Exercise: Take the listing below and output it exactly, with no images.

Recorded data:

■ ■ ■ ■ ■ ■ ■

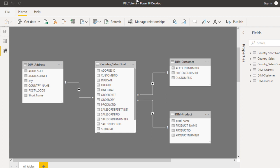So here I have explained how you can manage relationships and how you can enable the Auto Detect option for relationships. Thank you so much for watching this video. If you like this video, please subscribe to our channel to get many more videos. Don't forget to press the bell icon to get notifications of our newly uploaded videos. Thank you so much guys, see you in the next video.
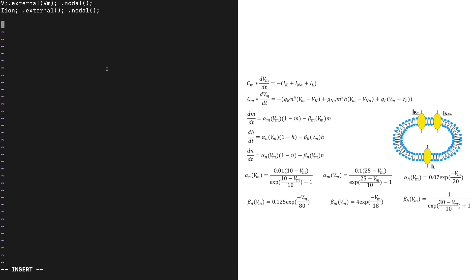According to the equations, the transmembrane voltage is a state variable, and to numerically solve the equations it will need an initial condition. ECML will recognize the initial condition if we use the variable name followed by underscore init. The resting membrane potential for this model is minus 60 millivolts, and we always finish the line with a semicolon. We can add a comment to our model by using double slash.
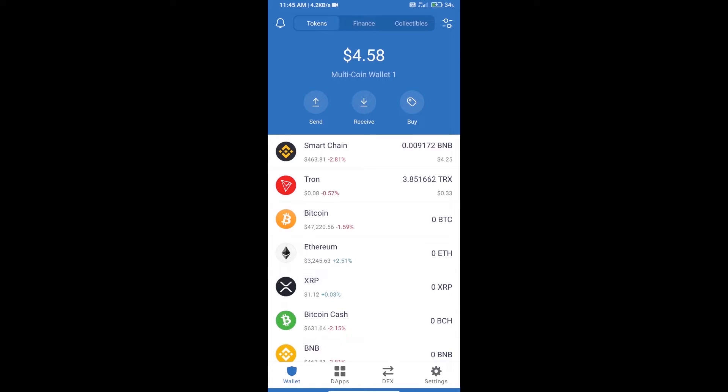Hello guys, today we will tell you how to buy French Connection Finance token on Trust Wallet.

■ ■ ■ ■ ■ ■ ■

Response to this exercise:
So here I have explained how you can manage relationships and how you can enable the Auto Detect option for relationships. Thank you so much for watching this video. If you like this video, please subscribe to our channel to get many more videos. Don't forget to press the bell icon to get notifications of our newly uploaded videos. Thank you so much guys, see you in the next video.
According to the equations, the transmembrane voltage is a state variable, and to numerically solve the equations it will need an initial condition. ECML will recognize the initial condition if we use the variable name followed by underscore init. The resting membrane potential for this model is minus 60 millivolts, and we always finish the line with a semicolon. We can add a comment to our model by using double slash.
Hello guys, today we will tell you how to buy French Connection Finance token on Trust Wallet.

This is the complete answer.